ṬUBĀ VA MAʿNĀ-YE ŠAB (1987, tr. Kamran Talattof and Havva Houshmand as Touba and the Meaning of Night, New York), a highly acclaimed novel by Shahrnush Parsipur (Šahrnuš Pārsipur, b. Tehran, 28 Bahman 1324 Š./17 February 1946), fiction writer and essayist (FIGURE 1).
Ṭubā va maʿnā-ye šab (FIGURE 2) is set in Tehran in the first decade of the 20th century and is told by a third-person omniscient narrator. Touba, the novel’s eponymous character is the daughter of Hajji Adib, a traditional scholar of classical literature and theology, and she receives a traditional education at home. She is named after the tree of divine light and wisdom in Persian legend and lore and pursues the dream of reaching her legendary namesake throughout her life (ʿAlāʾi, p. 66). Touba loses her father at the age of twelve, and to save her mother from a compelling marriage, she offers to be the bride instead. The marriage is short-lived, and after she gets divorced, she marries a Qajar prince, called Fereydun Mirza, and has three daughters and a son. When the prince marries another woman, Touba takes refuge in weaving carpets, and in the remaining years of her long life she fences herself within the walled space of her house.
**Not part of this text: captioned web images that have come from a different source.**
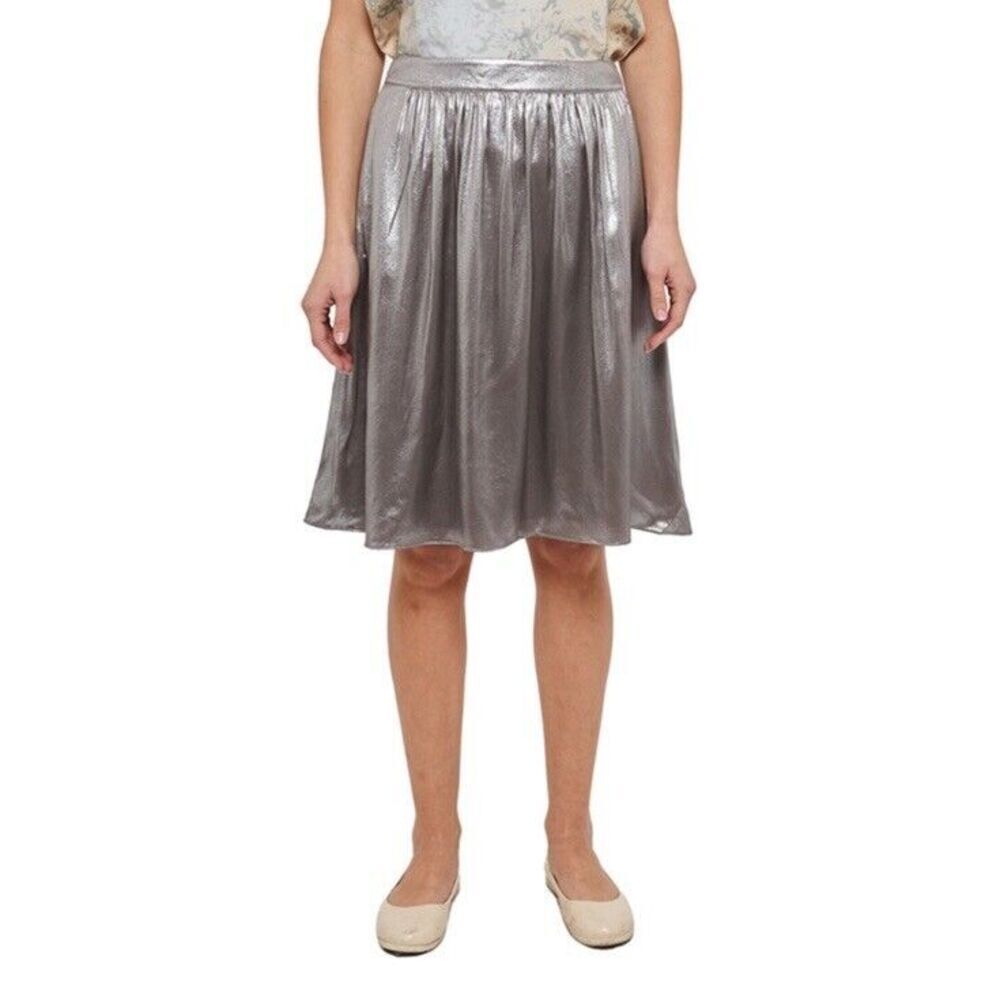 Etro Metallic Silk Mini Skirt Silver Gray Pleated Italian Designer Size 46 Us 10 View 2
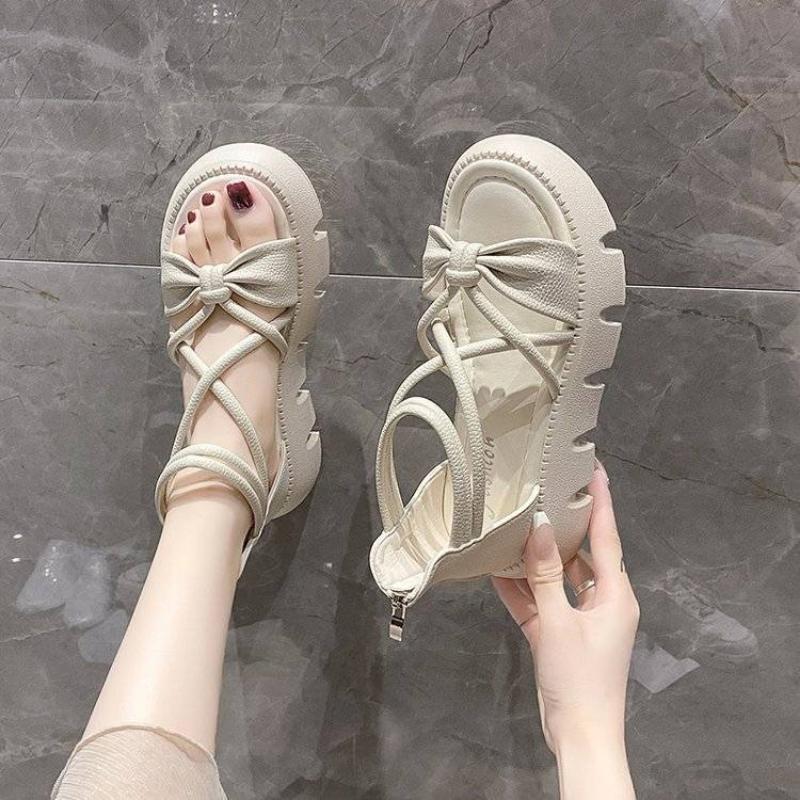 Sandals for Woman High Heels Women's Shoes Bow Summer 2025 Zip Footwear Heeled Platform Roman Style Pumps The Best H Daily Shoe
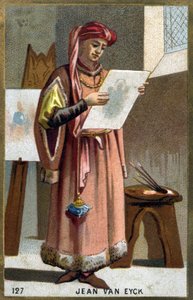 जन वैन आइक का पोर्ट्रेट (1390 -1441) फ्लेमिश चित्रकार - एक लिरिपिपियन की हेडड्रेस। 19 वीं शताब्दी की क्रोमोलिथोग्राफी। द्वारा अज्ञात कलाकार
The narrative of Touba’s long life is framed by two revolutions. It begins with the socio-political upheavals that culminate in the Constitutional Revolution of 1906-11 and ends with the Islamic Revolution of 1979. The novel captures the expansive breadth of events that span this hundred-year period of Iran’s history and integrates them into the account of the different stages of Touba’s life and the tale of her house (Mirʿābedini, II, pp 1118-24). With the arrival of an Azerbaijani family at Touba’s house during World War II, imported Marxist ideologies mysteriously penetrate through the thick and solid walls and alter Touba’s life and the fate of her country. The outlook of the newly arrived family, their flirtations with the Marxist Tudeh Party (see COMMUNISM i, ii), and the unfortunate courses that their lives take, all correspond to the different phases of the period’s turbulent history.
In less than a decade after the COUP D’ETAT OF 1332 Š./1953, the country’s seemingly modern and stable outlook is shattered by the waves of the religiously charged social unrests that culminate with the Islamic Revolution. Shattered too are the walls of Touba’s house with the arrival of another family, which, like the period of history it represents, is more absorbed by a politically charged religion than imported Marxist ideologies.
The novel has also been regarded as “a rebellion against the literary norms of pre-revolutionary socialist realism” (Talattof, 1997, p. 545) and as one the first instances of magical realism in Iran. The genre not “as much a poetics as a state of affairs in some parts of the world, where the seemingly fantastic is in fact a plausible representation of the daily events” (Moretti, p. 235), appeared as the most fitting literary genre to express the incredible political ‘realities’ that could have otherwise evaded expression within any satisfactory realm of rationality (Talattof, 2000, p. 156; Mirʿābedini, vol. II, p. 1118; Golširi, 1, p. 493). Parsipur’s skillful employment of the genre allows her not only to shuttle back and forth between the real and the magical, between the past and present, but also to juxtapose different socio-political discourses. By refusing to give either the magical or the real the upper hand, her technique questions and subverts traditional oppositions and hierarchies and challenges to dissolve them (Yavari, 2006, pp. 349-50). By treating the narrative time simultaneously as linear and circular, Parsipur highlights the archetypal essence of such characters, as Prince Gil and his wife, Laylā, who represents his unconscious female self, and sheds light on the dark landscape of the feminine sphere of Persian culture, offering new venues for political and cultural liberation (Talattof, 1997, p. 545).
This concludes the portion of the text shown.